→ **Exercise requirements**: The listing below contains a span that opens with the line containing "Semur við Njarðvík" and closes with the line containing "2019 Château Barrabaque". Return that span exactly.

→ **Data for the task**:
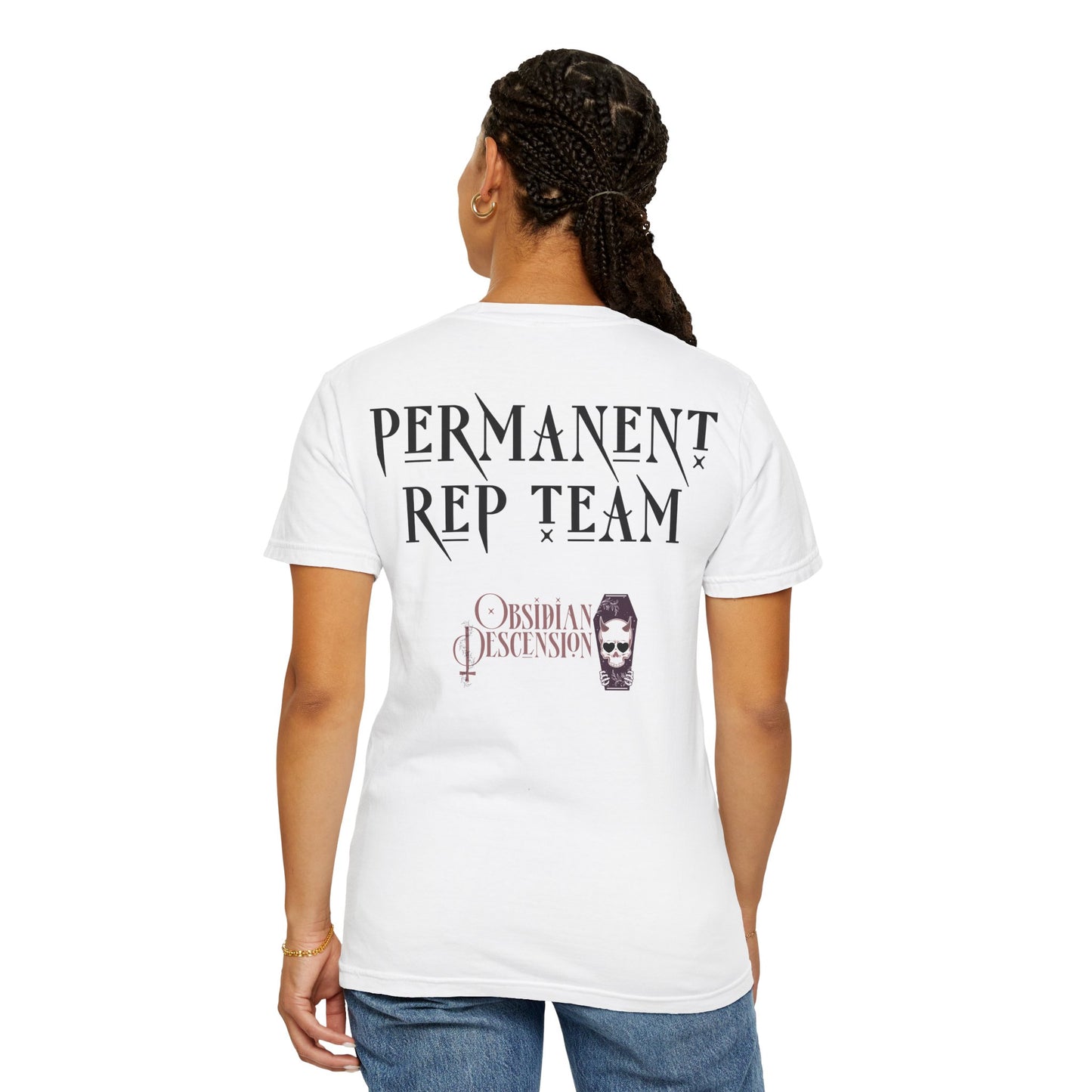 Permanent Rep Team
---
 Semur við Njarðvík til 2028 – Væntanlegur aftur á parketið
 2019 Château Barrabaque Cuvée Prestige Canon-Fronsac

→ **Completed task**:
 Semur við Njarðvík til 2028 – Væntanlegur aftur á parketið
 2019 Château Barrabaque Cuvée Prestige Canon-Fronsac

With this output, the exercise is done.